Task prompt - Since only the words are wanted, reproduce every entry exactly and leave the images behind.

##### Raw data #####

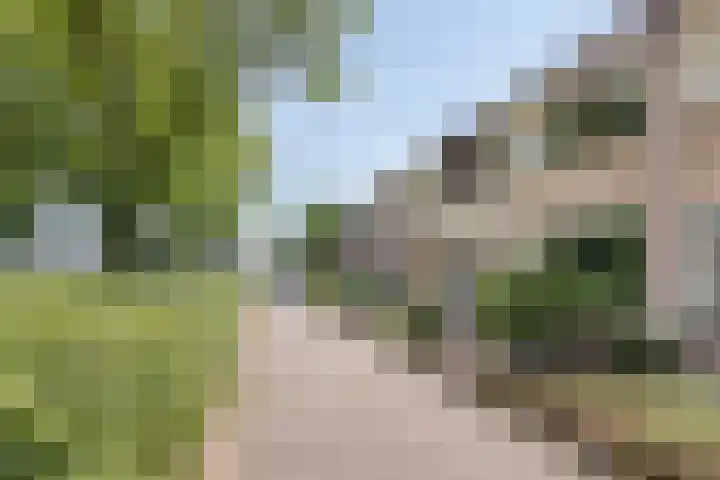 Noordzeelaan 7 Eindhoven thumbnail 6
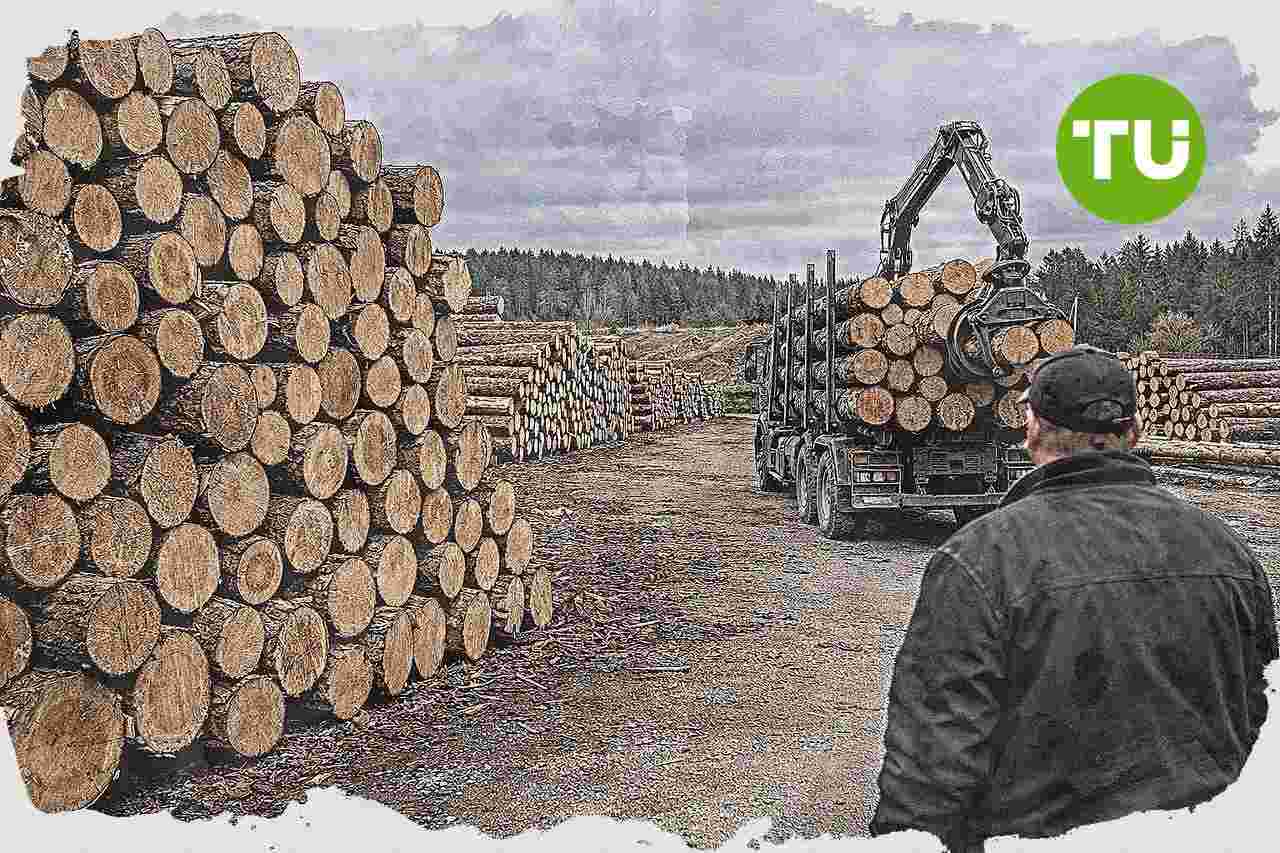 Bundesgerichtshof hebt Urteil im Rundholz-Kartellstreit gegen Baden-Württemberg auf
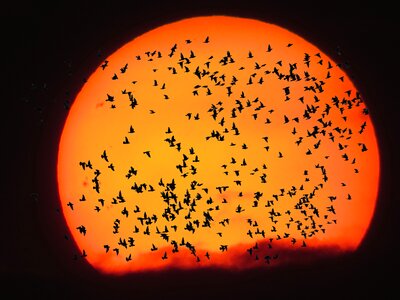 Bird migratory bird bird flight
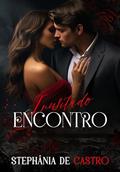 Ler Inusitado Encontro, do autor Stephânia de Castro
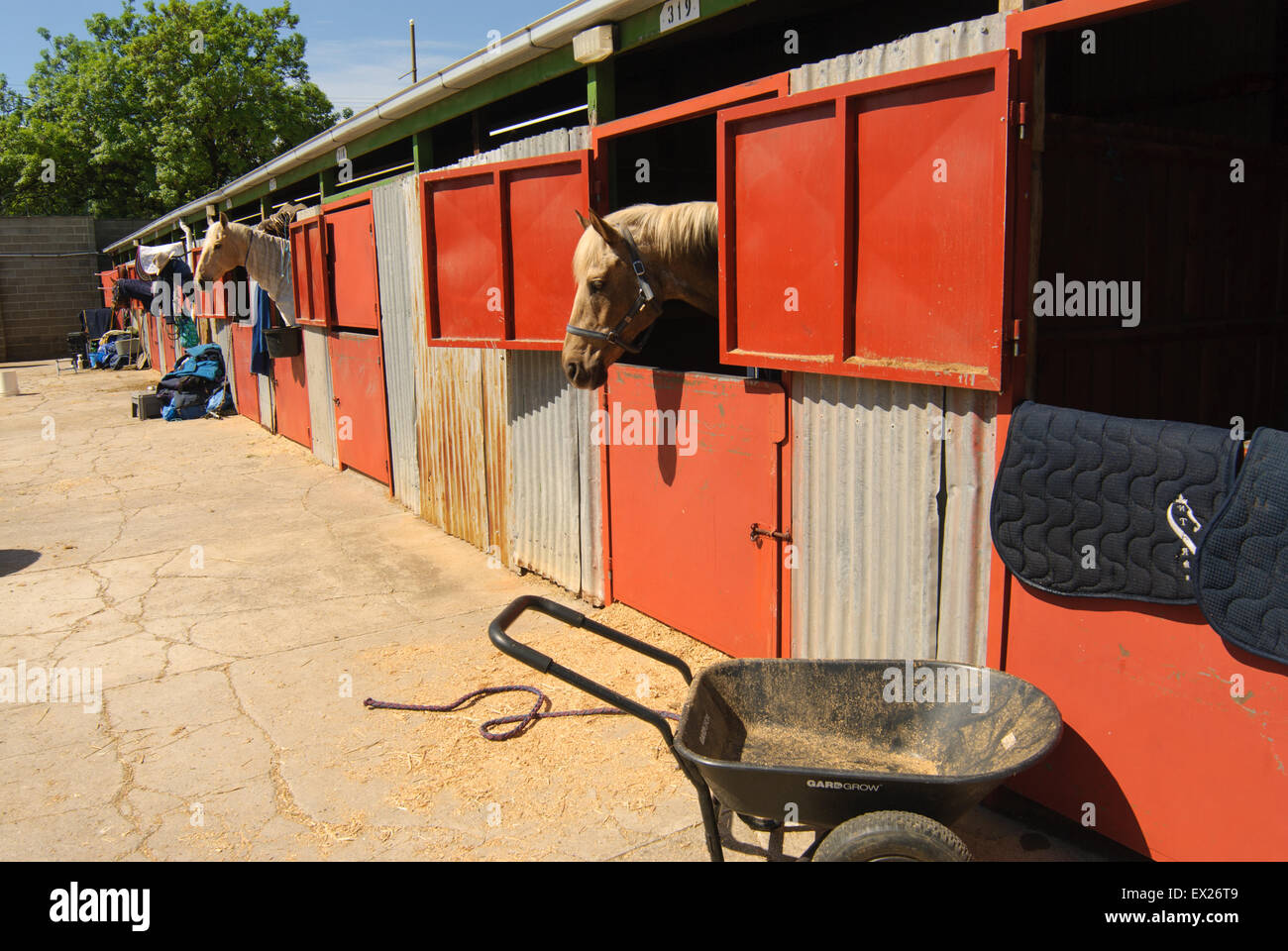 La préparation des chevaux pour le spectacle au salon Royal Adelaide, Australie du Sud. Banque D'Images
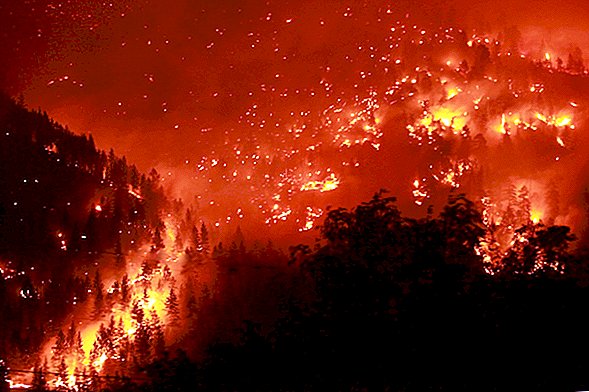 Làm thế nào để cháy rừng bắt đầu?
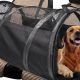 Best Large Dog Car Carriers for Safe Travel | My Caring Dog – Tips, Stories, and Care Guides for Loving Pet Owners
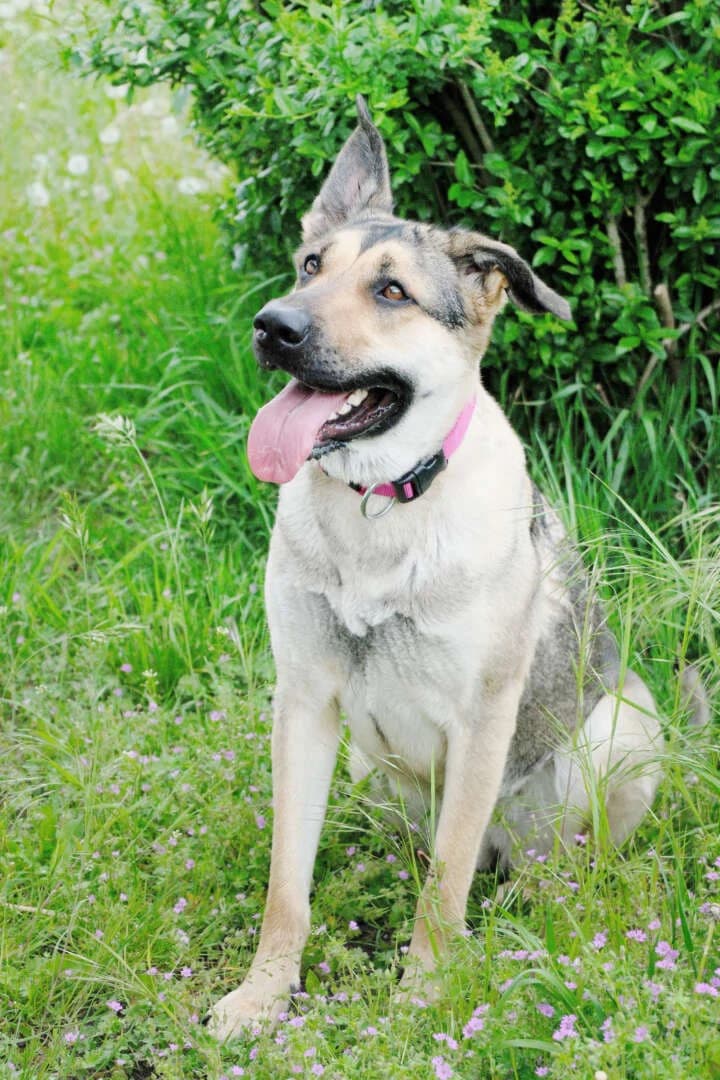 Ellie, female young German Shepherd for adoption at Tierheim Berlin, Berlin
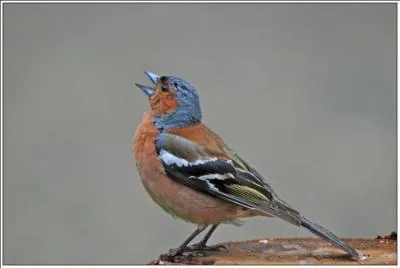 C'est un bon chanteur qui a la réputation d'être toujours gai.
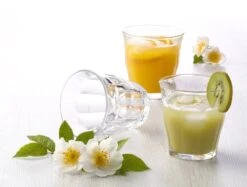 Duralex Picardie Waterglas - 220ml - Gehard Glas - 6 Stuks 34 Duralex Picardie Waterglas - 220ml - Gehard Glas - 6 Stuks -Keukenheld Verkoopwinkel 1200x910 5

#####

Output for this task -
 Noordzeelaan 7 Eindhoven thumbnail 6
 Bundesgerichtshof hebt Urteil im Rundholz-Kartellstreit gegen Baden-Württemberg auf
 Bird migratory bird bird flight
 Ler Inusitado Encontro, do autor Stephânia de Castro
 La préparation des chevaux pour le spectacle au salon Royal Adelaide, Australie du Sud. Banque D'Images
 Làm thế nào để cháy rừng bắt đầu?
 Best Large Dog Car Carriers for Safe Travel | My Caring Dog – Tips, Stories, and Care Guides for Loving Pet Owners
 Ellie, female young German Shepherd for adoption at Tierheim Berlin, Berlin
 C'est un bon chanteur qui a la réputation d'être toujours gai.
 Duralex Picardie Waterglas - 220ml - Gehard Glas - 6 Stuks 34 Duralex Picardie Waterglas - 220ml - Gehard Glas - 6 Stuks -Keukenheld Verkoopwinkel 1200x910 5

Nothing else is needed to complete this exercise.